The comments came after Trump said on Sunday, October 12, 2025, that he might provide Kyiv with long-range Tomahawk missiles if President Vladimir Putin did not end the war in Ukraine.
“Yeah, I might tell him (Putin), if the war is not settled, we may very well do it,” Trump said.
“We may not, but we may do it… Do they want to have Tomahawks going in their direction?
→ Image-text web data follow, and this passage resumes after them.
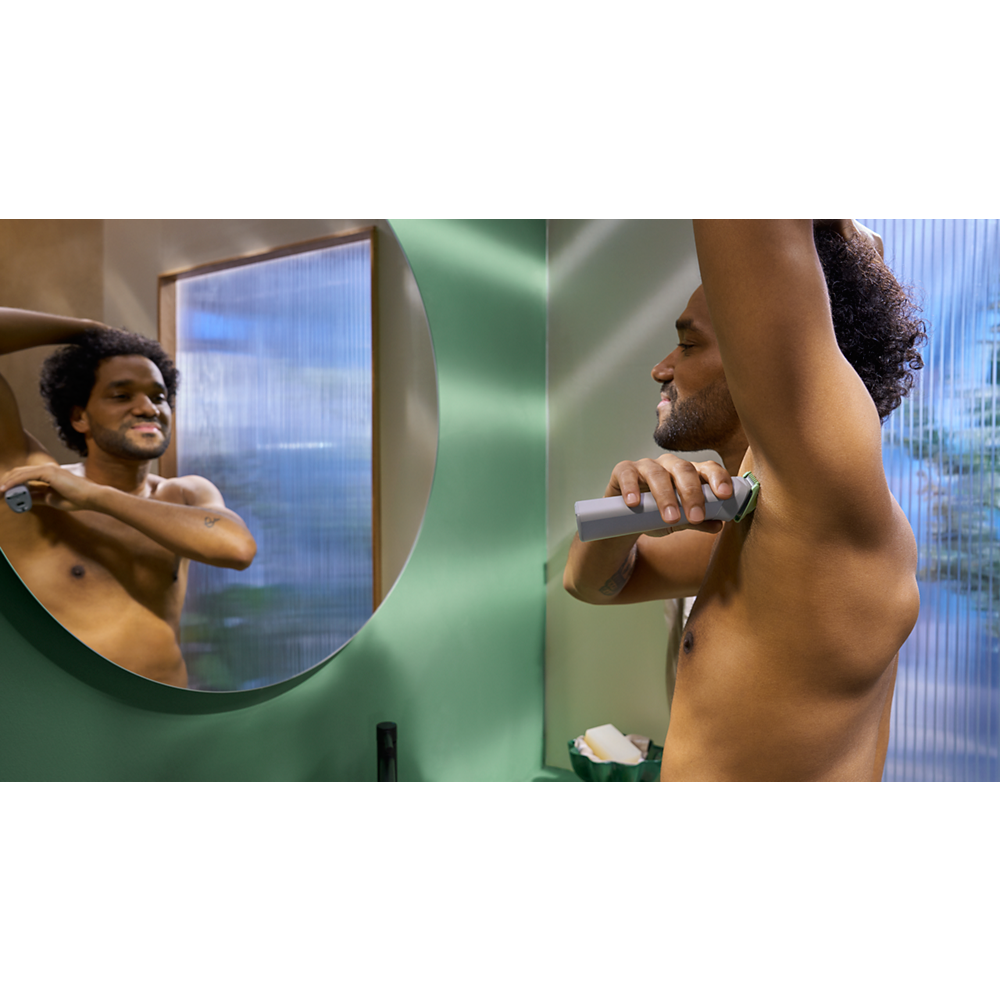 Philips All-in-One trimer za lice, kosu i tijelo serije 5000 MG5941/15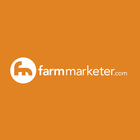 Logo Farm Marketer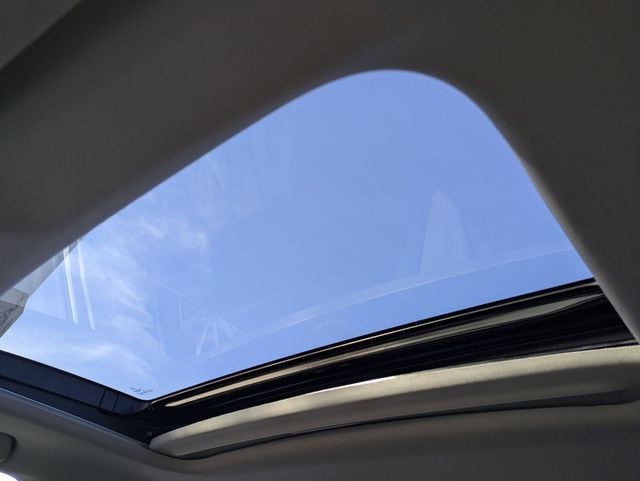 View 10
I don’t think so.”
Tomahawk missiles can reach roughly 2,500 kilometres (about 1,550 miles), raising alarms in Moscow because that range would allow strikes well into European Russia.
Putin’s spokesman has similarly warned that the delivery of such weapons would risk a fundamental rupture in relations between Moscow and Washington.
Medvedev, who has repeatedly goaded Trump on social media throughout the conflict, sought to dismiss the idea that the threat was merely rhetorical.
He added: “One can only hope that this is another empty threat… Like sending nuclear submarines closer to Russia,” alluding to an exchange earlier this year when Trump said he had ordered submarines to alter their posture.
Ukrainian officials, when asked about possible Tomahawk deliveries, have sought to constrain expectations.
President Volodymyr Zelenskyy said Ukraine would deploy such weapons only for military objectives and would not target civilians in Russia, should the United States provide them.
The inability to visually distinguish conventional from nuclear-armed cruise missiles after launch raises the possibility of miscalculation, especially during heightened tensions.
“Once a long-range cruise missile is airborne, the ambiguity about its warhead could force an adversary into worst-case assumptions,” said a Western security analyst not authorised to speak publicly.